Congressional Oversight: The Risks to Businesses
“Quite as important as lawmaking is vigilant oversight of administration.”
Woodrow Wilson, Congressional Government (1885)
The scene on television is all too familiar. Corporate executives from a company in the headlines are dragged before a Congressional committee, they are placed under oath, and they are asked a series of questions by Senators or Congressmen/women, to which they each respond by asserting their Fifth Amendment privilege. For Congress, this I considered a victory. They get to grandstand before the public and launch their attacks on behalf of the public against the latest corporate villan.
Congressional oversight poses significant risks to businesses and individuals. Congressional investigations involve a unique blend of politics, procedure, publicity and “fact-finding.” Multi-disciplinary approaches – political and legal tactics—must be combined to help clients navigate such investigations in order to protect a company and/or individuals.
Oversight is broadly defined s the review, monitoring and supervision of the implementation of public policy of the executive branch. Congressional power to conduct oversight is rarely circumscribed by the courts.
The only rule is that there are no rules. The rules of evidence do not apply, common law privileges usually do not apply (except if a Committee recognizes such a privilege), and enforcement proceedings can result in contempt of Congress.
The risks to business and individuals are well established. Criminal referrals for perjury, false statements (e.g. Roger Clemens), follow on criminal prosecutions using statements elicited during Congressional testimony (e.g. Watergate, Iran Contra), civil proccedings which run parallel to Congressional investigations, and what I call the “whipsaw effect” – Congressional prodding to government regulators or prosecutors to cajole them into launching criminal and/or regulatory enforcement proceedings. In addition to the clear legal implications, businesses face significant risks of political and reputational harm, all of which can result in significant economic harm.
When caught in the cross-hairs, business need to act and move quickly. The company’s strategy has to be nimble and quickly crafted. A series of questions need to be examined: (1) What is Committee’s goal and message? (2) What is the scope and purpose of the investigation?; (3) What information is likely to be disclosed?; (4) Are there pending criminal, civil or regulatory proceedings?; (5) What is your company’s exposure?

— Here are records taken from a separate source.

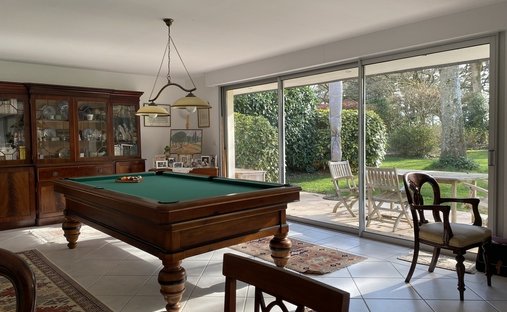 House 379m² Living Space, Great Comfort And Geothermal Energy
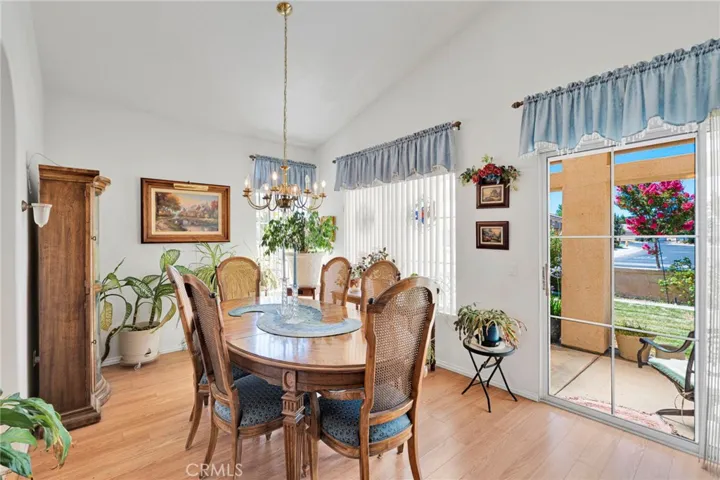 19591 Rolling Green, Apple Valley, California 92308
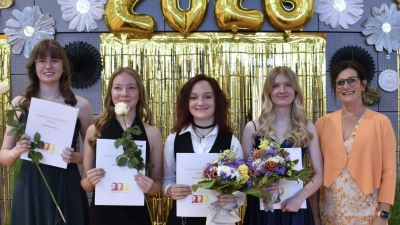 Die vier Klassenbesten mit Schulleiterin Susanne Genser (Bild: Monika Blendl)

Once you answer these questions, the company has to determine whether it has a story to tell, meaning a counter-anecdotal set of stories which it can present through witnesses. At bottom, the company needs to assess the public relations and political risks, along with the legal risks.
The Congressional oversight proceeding is run by Senators and or Member of Congress. There is no judge or single source of decision-making, so companies need to find Committee or political allies to help – this requires companies to energize economic and political interests which may be sympathetic to its positions.
In the end, there are not many alternatives against an aggressive oversight investigation. Depending on the facts and the political environment, companies can duck and cover to try and minimize the possible harms, they can aggressively defend themselves when appropriate, or they can comply and issue apologies and fight the political and public relations fall out.
There are ready example of all of these strategies. For attorneys who work in this area, it requires nimble feet, adept political radar and important relationships in the political world.